Imagino que o longo período de desenvolvimento de dois anos tenha causado estresse. Acho que essa insatisfação me levou a criar um trabalho de 50 minutos que é completamente livre, gerando melodias com o movimento do coração. Em resumo, quero dizer que música é liberdade. Queria transmitir a maravilha da liberdade, como é essa sensação, e quão importante isso é.
Entrevistador: Ao longo dos anos, houve muitas reinterpretações incríveis de sua obra em Secret of Mana. Este ano, por exemplo, foi lançado EXCALIBUR: A Tribute to Secret of Mana – um álbum em homenagem ao seu trabalho pela Scarlet Moon Productions. Você tem alguma reinterpretação favorita de sua música desse álbum mais recente?
Kikuta: Para ser sincero, eu sinto que cada música e cada arranjo são excelentes. Fico realmente feliz que os jovens do passado agora adquiriram experiência musical e desenvolveram suas habilidades. Não consigo escolher entre tantas obras de alto nível, mas se eu tivesse que destacar uma, seria a interpretação de Into the Thick of It feita pela Mana Brasilis. Adoro a Bossa Nova e as harmonias envolventes. Para mim, é uma aventura cheia de surpresas ver como reconstruíram minha música de uma forma tão surpreendente.
Entrevistador: Após seu trabalho em Secret of Mana, você continuou com o jogo Seiken Densetsu 3 (Trials of Mana). Como sua abordagem para a música desse jogo se diferenciou da primeira, se é que houve diferença? Havia mais ou menos pressão na segunda vez?
Kikuta: A música de Secret of Mana e a de Trials of Mana foram criadas com conceitos totalmente diferentes. A música de Secret of Mana era perfeita para mim. No entanto, sabia que, se fizesse a música de Trials of Mana na mesma direção, nunca conseguiria superá-la. Isso era mais uma realidade do que uma pressão.
Então, ao compor a trilha de Trials of Mana, preparei um conceito completamente diferente. Quase todas as músicas foram produzidas com 6 sons simultâneos. Se você pensar um pouco, perceberá que tinha pouquíssimos sons disponíveis. Se você usa uma nota para o bumbo e a caixa, uma nota para o baixo e uma nota para o hi-hat, sobravam apenas 3 notas.
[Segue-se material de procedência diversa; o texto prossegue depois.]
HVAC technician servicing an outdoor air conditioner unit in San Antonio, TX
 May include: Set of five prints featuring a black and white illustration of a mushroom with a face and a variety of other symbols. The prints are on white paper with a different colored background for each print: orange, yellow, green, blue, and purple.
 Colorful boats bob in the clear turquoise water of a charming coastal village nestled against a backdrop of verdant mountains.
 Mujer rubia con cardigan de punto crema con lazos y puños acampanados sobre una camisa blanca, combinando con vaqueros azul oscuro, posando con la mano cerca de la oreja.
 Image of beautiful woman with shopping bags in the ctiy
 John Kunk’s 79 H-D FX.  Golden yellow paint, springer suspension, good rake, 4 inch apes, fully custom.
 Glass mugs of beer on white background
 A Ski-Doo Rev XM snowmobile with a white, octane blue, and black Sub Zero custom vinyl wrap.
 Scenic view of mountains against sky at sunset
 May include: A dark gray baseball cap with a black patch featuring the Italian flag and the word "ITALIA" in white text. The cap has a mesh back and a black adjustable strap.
Não consigo expressar quão desafiador é transmitir melodias e harmonias com essas três notas.
Entrevistador: Você ainda mantém uma relação estreita com a Square, colaborando com eles em vários projetos da série Mana até hoje. No entanto, também tem estado bastante ocupado em outros lugares, atuando como compositor convidado em diversos projetos independentes. Um exemplo recente é Infinity Knights: Xross — uma aventura cooperativa para três jogadores que se inspira em jogos como Secret of Mana e Trials of Mana. Como tem sido a experiência de trabalhar neste projeto? Existe alguma filosofia específica que orienta sua abordagem à música do jogo?
Kikuta: A música de jogos não é algo que se estabelece por si só. Ela é planejada e produzida com o objetivo de expressar a atmosfera do jogo de maneira atraente. Portanto, a abordagem para isso é fundamentalmente diferente da forma habitual de compor música.
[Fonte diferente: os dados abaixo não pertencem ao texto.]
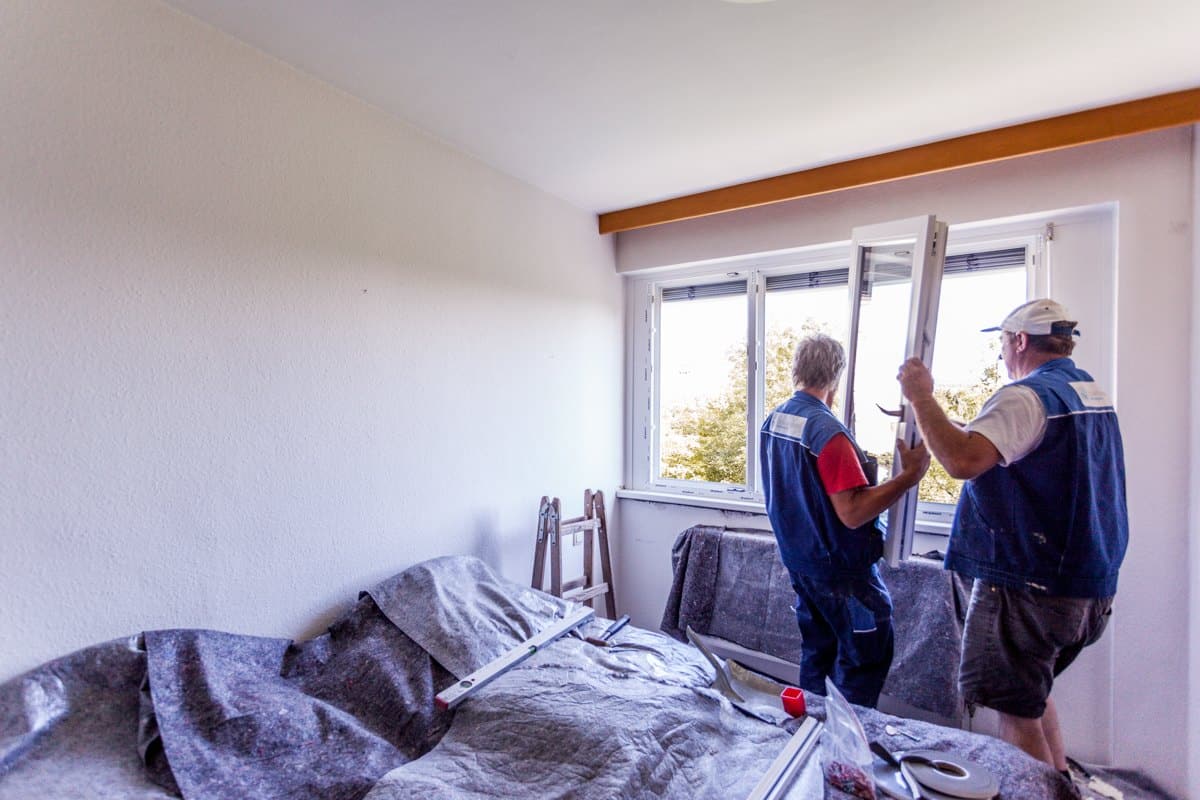Zwei Monteure hängen den Fensterflügel in den montierten Rahmen ein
Na música normal, o intérprete é o protagonista, mas na música de jogos, o jogo é o protagonista e o jogador é o principal. Assim, o que eu preciso fazer com mais cuidado é não me expressar, mas me aproximar do jogo, refletir sobre ele, conhecê-lo, expandir a imaginação do jogo e, acima de tudo, amar o jogo. Criar algo para outra pessoa não é o mesmo que criar algo para si mesmo, e isso traz uma alegria indescritível. Eu gostaria de continuar fazendo música maravilhosa para muitos designers de jogos.
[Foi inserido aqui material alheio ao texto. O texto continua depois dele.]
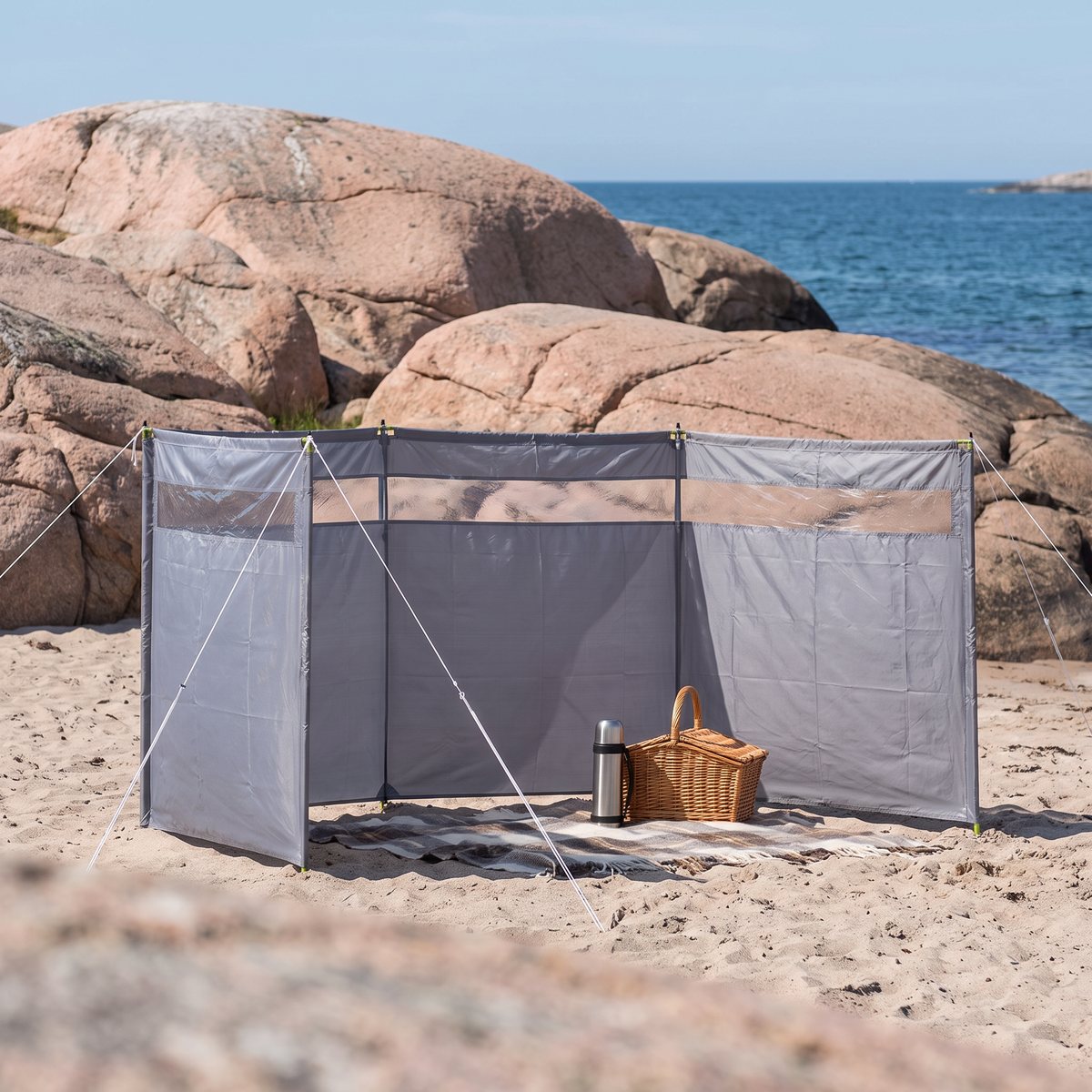 Grått vindskydd uppspänt med stolpar och linor på en sandstrand vid granitklippor och hav, med filt och picknickkorg i lä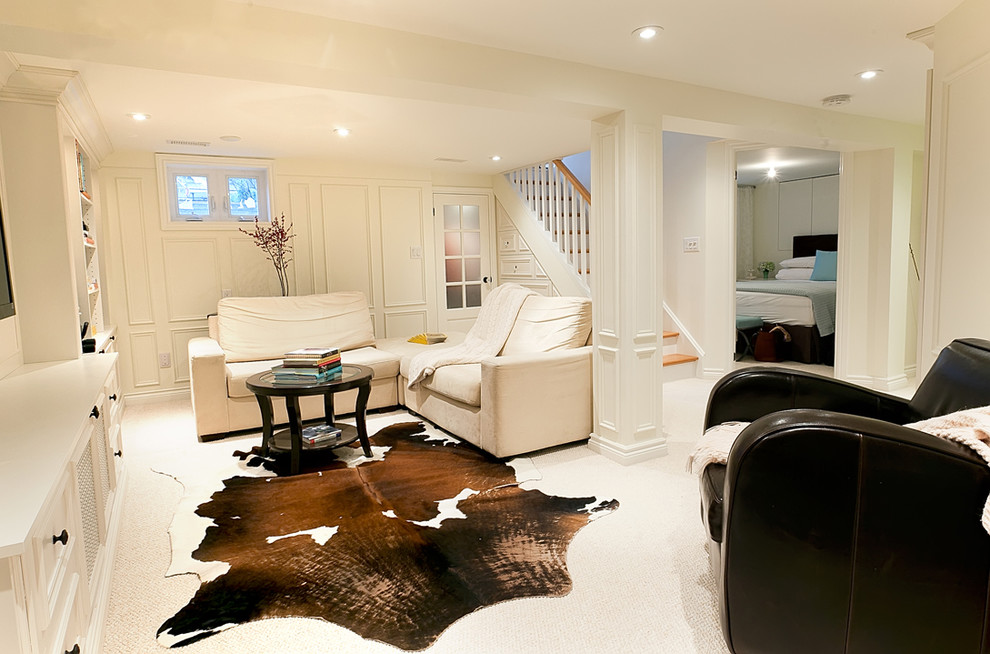 Traditional walk-out basement in Toronto with white walls, carpet and white floor.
Entrevistador: Para finalizar, você tem algum projeto emocionante em andamento que pode compartilhar? Notamos que você está envolvido em uma adaptação teatral japonesa de Seiken Densetsu 3 (Trials of Mana). É cedo demais para comentar sobre o que será seu envolvimento nesse projeto?
Kikuta: Não importa qual trabalho você tenha, é importante manter os segredos a respeito disso. Acredito que a confiança é um tesouro inestimável.
Entrevistador: Entendi! Muito obrigado, Kikuta-san, por responder às nossas perguntas! Estamos ansiosos para saber mais sobre seus projetos futuros quando chegar a hora certa.